Defense can be a leverage for growth, says Deputy Defense Minister Stefanis

Defense can be a leverage for growth, says Deputy Defense Minister Stefanis

Greece can become a hub for the maintenance and upgrading of US military helicopters, Deputy Defense Minister Alkiviadis Stefanis says in an interview with Kathimerini in which he sees opportunities for broader industrial growth in the defense sector. Stefanis also argues that Greece is Turkey’s “fifth or sixth problem,” as Ankara is currently preoccupied with Syria. He further states that Greece’s defense budget will not be reduced.

Greece and the United States recently signed an extension of their defense deal. How does the agreement expand Greece’s capabilities? 

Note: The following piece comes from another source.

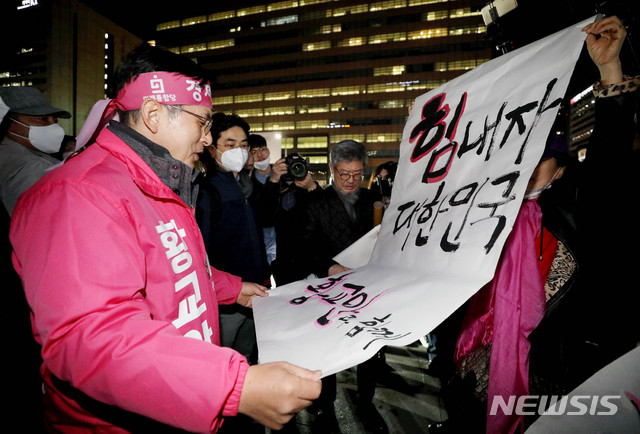 [서울=뉴시스]김병문 기자 = 제21대 국회의원 선거 종로구에 출마한 황교안 미래통합당 후보가 선거유세 마지막날인 14일 오후 서울 종로구 광화문광장 이순신 장군 동상 앞에서 선거 마무리 대국민 호소를 마친 후 지지자가 든 응원 문구를 읽고 있다. 2020.04.14. dadazon@newsis.com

Two key events took place. One was the signing of the updated Mutual Defense Cooperation Agreement (MDCA) and the other was the second Strategic Dialogue meeting. The Strategic Dialogue includes the whole government. Each ministry developed, in cooperation with the corresponding US committee, specific actions with specific timeframes. It is important for us that this second round of the Strategic Dialogue also focused on defense on the basis of realistic and not theoretical data: How we will conduct joint training exercises, how we can use US structures to send our officials for training, how we can turn Greece into a hub that will connect the Balkans, the Middle East, African and Gulf states in areas of training and maintenance. An example is our effort to turn Greece into a center for the upgrade of Chinook helicopters. We have Europe’s second-biggest fleet. A similar center could be set up for Kiowa Warrior helicopters. Greece is not the only country using Kiowa helicopters. The Americans did not make spare parts available to other countries for a specific reason – i.e. so that Greece would become a hub for repairing this type of aircraft. The MDCA in my view provides a context in which there can be greater flexibility in dealing with certain issues. The deal will enable our country to take advantage of US legislation so as to reap certain benefits. The Americans, for example, cannot release funds for the United States European Command (EUCOM) without such deal in place. 
You seem to suggest defense can indirectly become a lever for growth.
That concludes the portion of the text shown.